The CBA’s Women Lawyers Forum and Labour and Employment Section don’t think so. In the Sections’ submission last October on the proposed regulatory framework for Bill C-65, Workplace Violence and Harassment, they said an employer should have an obligation to investigate and address those situations. They repeated that recommendation in their June submission on the proposed regulations.
“The proposed regulations do not appear to include any mechanism for an employer to investigate an occurrence of harassment or violence on its own initiative. It seems that all actions flow from the notification of an occurrence under s.15,” the Sections note. “We appreciate the additional mechanisms of notification that remove barriers to reporting by bystanders.

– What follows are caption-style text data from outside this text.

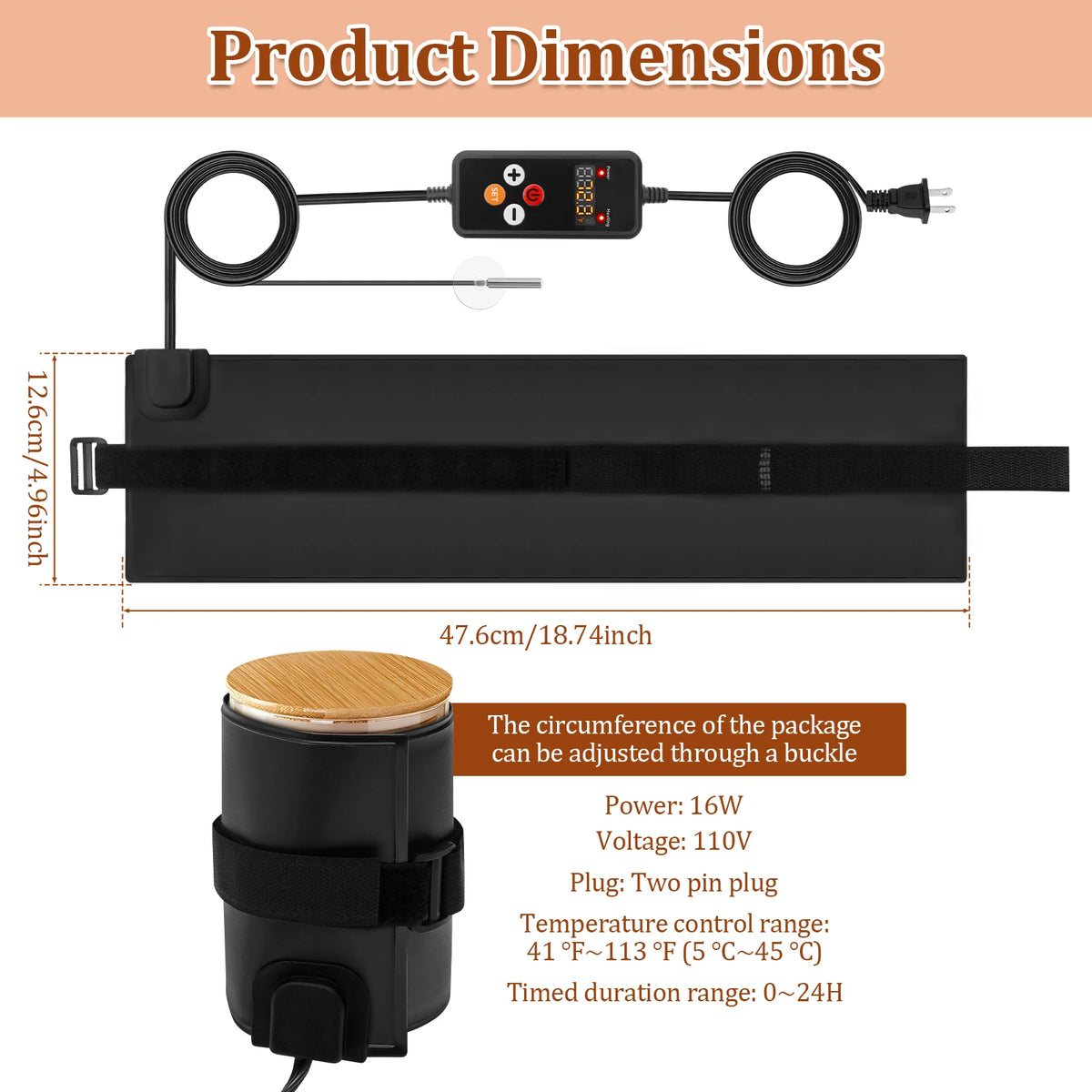 Adjustable Fermentation Jar Heating Wrap, 110 V US Plug
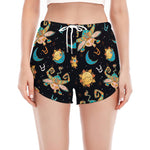 Cute Cartoon Taurus Pattern Print Women's Split Running Shorts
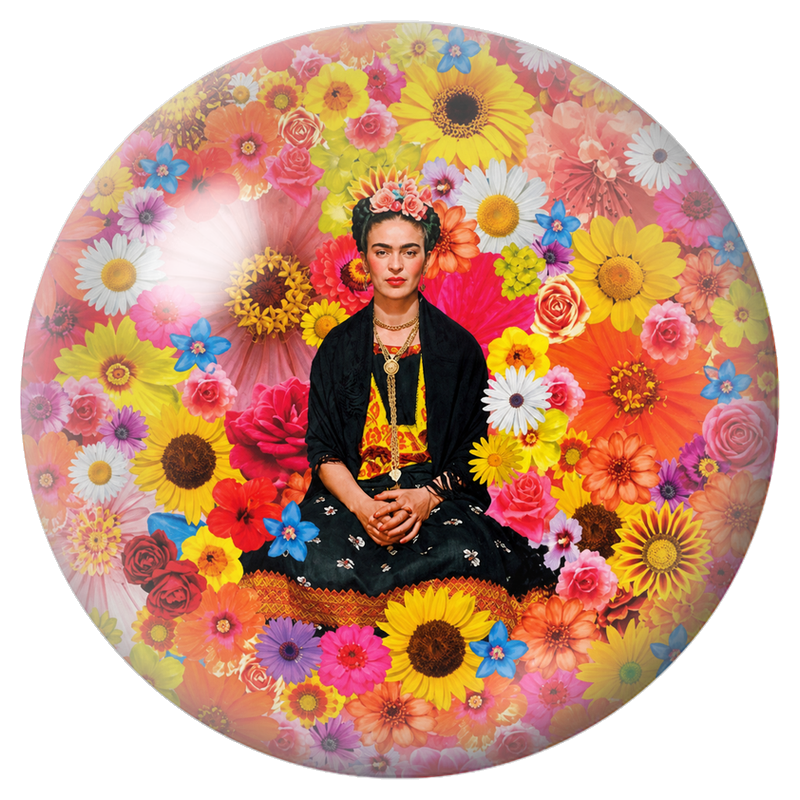 Cabochon en Verre Illustré Frida Assise dans une Explosion de Fleurs 12 à 25mm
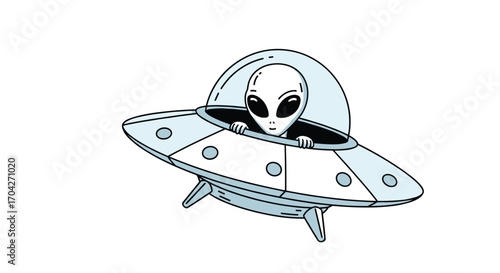A friendly alien peeks out from a classic flying saucer.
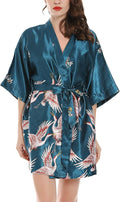 Women Kimono Robes Satin Dressing Gown Crane and Blossoms Sleep Lounge Nightwear Short Silk Bride Bridesmaid Robe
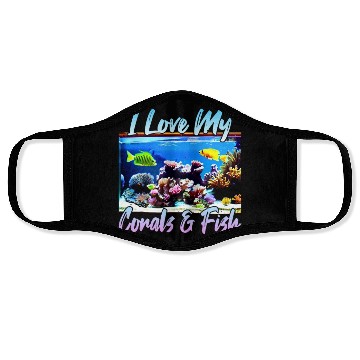 Discover Saltwater aquarium coral fish Face Masks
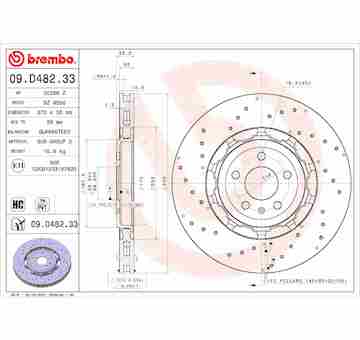 Brzdový kotouč BREMBO 09.D482.33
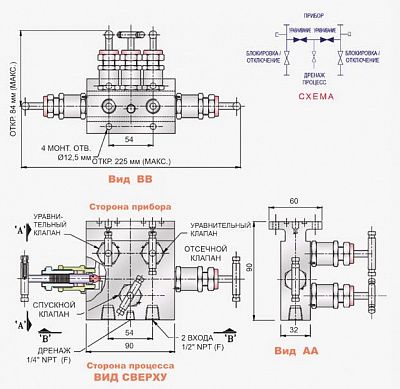 5-вентильные блоки – соединение «труба – фланец» (5VM-EP-SS-12-T), фото 3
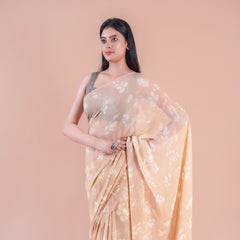 Camellia | Peach floral printed Georgette saree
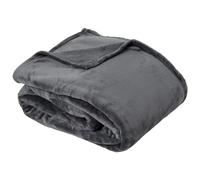 Couverture polaire microvelours 220x240 cm VELVET Gris Acier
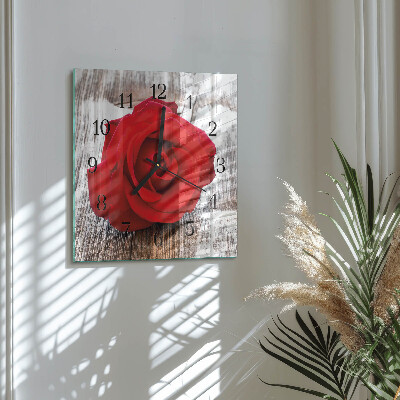 Wanduhr aus glas Rose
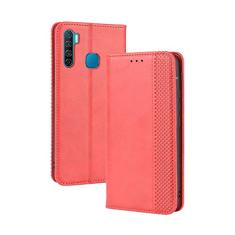 Capa para Infinix S5, capa flip carteira de couro para Infinix S5, capa magnética retrô para telefone, capa de telefone carteira com slots de cartão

But the proposed regulations should also clarify that an employer can initiate an investigation on its own initiative when it is aware of facts that could give rise to a notification.”
Overall, the Sections support the proposed regulatory approach, and say they’re pleased to see that some of their previous recommendations are adopted, including allowing notifications to be made anonymously.
Along with adding a mechanism to allow employers to initiate investigations, the Sections recommend a few other amendments, including adding definitions of workplace harassment, sexual harassment and violence to the regulations, as well as defining what is meant by “early resolution.” “While there is a total 180-day time allocation for early resolution and conciliation, there is no indication of how long the early resolution step can take of that 180 days,” the Sections note.
As well, while they appreciate the desire for a speedy resolution, the Sections say the six-month timeline to resolve a complaint may not be feasible in some cases, and say the parties should be allowed to agree to extend that timeline.